Exercise goal:
Retype, word for word, every line from the one holding "Pierre Cardin Mens" through the one holding "Painel De Festa" in the entries below, both included, and only those lines.

Stored items from a collection:

########

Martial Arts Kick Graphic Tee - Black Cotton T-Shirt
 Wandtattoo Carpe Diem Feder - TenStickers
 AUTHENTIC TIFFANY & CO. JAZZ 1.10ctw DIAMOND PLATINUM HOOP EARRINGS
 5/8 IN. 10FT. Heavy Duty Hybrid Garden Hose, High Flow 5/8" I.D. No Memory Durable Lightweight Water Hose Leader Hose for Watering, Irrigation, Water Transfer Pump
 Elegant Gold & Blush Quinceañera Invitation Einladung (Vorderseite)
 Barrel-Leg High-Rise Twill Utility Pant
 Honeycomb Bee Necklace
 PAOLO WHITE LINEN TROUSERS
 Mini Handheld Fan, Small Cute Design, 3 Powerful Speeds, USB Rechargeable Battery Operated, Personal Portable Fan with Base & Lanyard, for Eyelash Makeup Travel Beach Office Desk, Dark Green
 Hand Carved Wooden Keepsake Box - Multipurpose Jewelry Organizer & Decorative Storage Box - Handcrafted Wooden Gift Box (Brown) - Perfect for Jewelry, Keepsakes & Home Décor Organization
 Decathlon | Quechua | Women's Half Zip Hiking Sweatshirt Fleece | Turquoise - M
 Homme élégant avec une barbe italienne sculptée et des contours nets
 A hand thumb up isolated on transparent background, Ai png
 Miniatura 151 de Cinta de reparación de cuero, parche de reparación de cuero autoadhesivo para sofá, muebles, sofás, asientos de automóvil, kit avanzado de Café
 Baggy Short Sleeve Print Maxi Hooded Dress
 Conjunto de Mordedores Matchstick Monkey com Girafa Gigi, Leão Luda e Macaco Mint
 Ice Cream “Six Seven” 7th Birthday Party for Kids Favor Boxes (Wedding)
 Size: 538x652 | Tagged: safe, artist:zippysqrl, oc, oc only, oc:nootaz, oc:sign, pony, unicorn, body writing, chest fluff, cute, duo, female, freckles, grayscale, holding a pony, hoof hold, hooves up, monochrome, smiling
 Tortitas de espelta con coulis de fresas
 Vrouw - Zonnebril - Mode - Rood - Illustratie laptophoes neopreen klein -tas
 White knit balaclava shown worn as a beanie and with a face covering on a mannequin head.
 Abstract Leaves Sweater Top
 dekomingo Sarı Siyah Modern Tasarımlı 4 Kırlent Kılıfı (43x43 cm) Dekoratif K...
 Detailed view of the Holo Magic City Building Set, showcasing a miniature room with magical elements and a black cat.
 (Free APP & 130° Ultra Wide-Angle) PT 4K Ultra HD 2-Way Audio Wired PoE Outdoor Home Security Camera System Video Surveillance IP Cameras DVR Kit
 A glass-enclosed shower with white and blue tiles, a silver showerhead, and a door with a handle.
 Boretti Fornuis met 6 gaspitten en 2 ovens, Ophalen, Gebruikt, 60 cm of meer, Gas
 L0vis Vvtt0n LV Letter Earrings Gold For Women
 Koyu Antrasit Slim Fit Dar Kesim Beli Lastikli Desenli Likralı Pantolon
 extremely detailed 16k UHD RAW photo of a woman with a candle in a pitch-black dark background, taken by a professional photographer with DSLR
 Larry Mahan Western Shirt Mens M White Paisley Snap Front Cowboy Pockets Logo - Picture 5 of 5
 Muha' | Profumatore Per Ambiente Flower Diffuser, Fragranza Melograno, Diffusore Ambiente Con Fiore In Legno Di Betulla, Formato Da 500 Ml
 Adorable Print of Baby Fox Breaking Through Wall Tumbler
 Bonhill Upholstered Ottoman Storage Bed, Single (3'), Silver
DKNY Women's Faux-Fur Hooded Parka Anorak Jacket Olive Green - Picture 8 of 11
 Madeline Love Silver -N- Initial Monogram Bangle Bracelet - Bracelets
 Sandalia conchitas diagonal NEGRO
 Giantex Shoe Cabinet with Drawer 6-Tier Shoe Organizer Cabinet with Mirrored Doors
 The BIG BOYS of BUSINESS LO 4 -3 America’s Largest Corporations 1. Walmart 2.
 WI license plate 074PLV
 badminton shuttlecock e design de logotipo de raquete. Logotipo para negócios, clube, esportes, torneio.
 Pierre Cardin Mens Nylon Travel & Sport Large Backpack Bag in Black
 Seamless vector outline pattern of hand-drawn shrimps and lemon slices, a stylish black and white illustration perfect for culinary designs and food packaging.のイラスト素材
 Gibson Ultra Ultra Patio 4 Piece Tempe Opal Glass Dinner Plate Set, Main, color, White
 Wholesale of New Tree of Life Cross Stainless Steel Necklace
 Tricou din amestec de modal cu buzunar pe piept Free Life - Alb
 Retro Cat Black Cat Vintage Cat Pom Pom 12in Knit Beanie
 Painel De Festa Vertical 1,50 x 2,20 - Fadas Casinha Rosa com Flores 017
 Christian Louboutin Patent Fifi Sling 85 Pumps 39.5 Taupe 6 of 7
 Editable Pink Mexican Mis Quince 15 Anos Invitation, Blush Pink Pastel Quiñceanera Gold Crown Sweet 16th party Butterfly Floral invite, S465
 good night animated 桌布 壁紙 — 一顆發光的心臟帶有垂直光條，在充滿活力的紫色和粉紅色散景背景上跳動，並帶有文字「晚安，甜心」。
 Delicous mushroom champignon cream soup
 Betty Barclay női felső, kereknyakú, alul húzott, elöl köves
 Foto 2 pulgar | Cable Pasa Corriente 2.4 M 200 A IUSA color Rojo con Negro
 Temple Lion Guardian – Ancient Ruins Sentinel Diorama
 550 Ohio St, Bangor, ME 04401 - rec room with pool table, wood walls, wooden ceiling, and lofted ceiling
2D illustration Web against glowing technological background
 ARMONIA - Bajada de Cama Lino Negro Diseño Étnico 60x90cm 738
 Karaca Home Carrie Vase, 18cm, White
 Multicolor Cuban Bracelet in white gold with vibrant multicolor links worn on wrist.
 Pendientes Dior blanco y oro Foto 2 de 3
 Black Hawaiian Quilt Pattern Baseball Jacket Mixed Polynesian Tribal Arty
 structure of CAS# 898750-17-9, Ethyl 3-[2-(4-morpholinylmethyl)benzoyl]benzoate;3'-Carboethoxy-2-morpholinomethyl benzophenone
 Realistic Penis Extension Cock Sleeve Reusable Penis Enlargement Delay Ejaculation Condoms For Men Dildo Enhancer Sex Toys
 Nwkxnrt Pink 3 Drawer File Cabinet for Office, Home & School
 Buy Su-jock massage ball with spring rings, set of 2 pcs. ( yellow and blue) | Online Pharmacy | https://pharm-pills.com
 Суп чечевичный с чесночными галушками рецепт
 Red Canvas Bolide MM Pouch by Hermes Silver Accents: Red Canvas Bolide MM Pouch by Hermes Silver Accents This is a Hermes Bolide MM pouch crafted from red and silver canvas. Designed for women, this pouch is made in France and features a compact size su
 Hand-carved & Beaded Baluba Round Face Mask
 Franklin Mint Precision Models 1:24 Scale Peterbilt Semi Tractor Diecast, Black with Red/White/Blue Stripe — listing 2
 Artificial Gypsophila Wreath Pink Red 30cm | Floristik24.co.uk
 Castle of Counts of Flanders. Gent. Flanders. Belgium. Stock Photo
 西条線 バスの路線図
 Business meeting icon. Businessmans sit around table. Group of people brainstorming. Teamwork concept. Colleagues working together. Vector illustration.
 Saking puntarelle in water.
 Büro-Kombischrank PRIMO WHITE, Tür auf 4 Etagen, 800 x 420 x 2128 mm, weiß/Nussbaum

########

Result of this exercise:
 Pierre Cardin Mens Nylon Travel & Sport Large Backpack Bag in Black
 Seamless vector outline pattern of hand-drawn shrimps and lemon slices, a stylish black and white illustration perfect for culinary designs and food packaging.のイラスト素材
 Gibson Ultra Ultra Patio 4 Piece Tempe Opal Glass Dinner Plate Set, Main, color, White
 Wholesale of New Tree of Life Cross Stainless Steel Necklace
 Tricou din amestec de modal cu buzunar pe piept Free Life - Alb
 Retro Cat Black Cat Vintage Cat Pom Pom 12in Knit Beanie
 Painel De Festa Vertical 1,50 x 2,20 - Fadas Casinha Rosa com Flores 017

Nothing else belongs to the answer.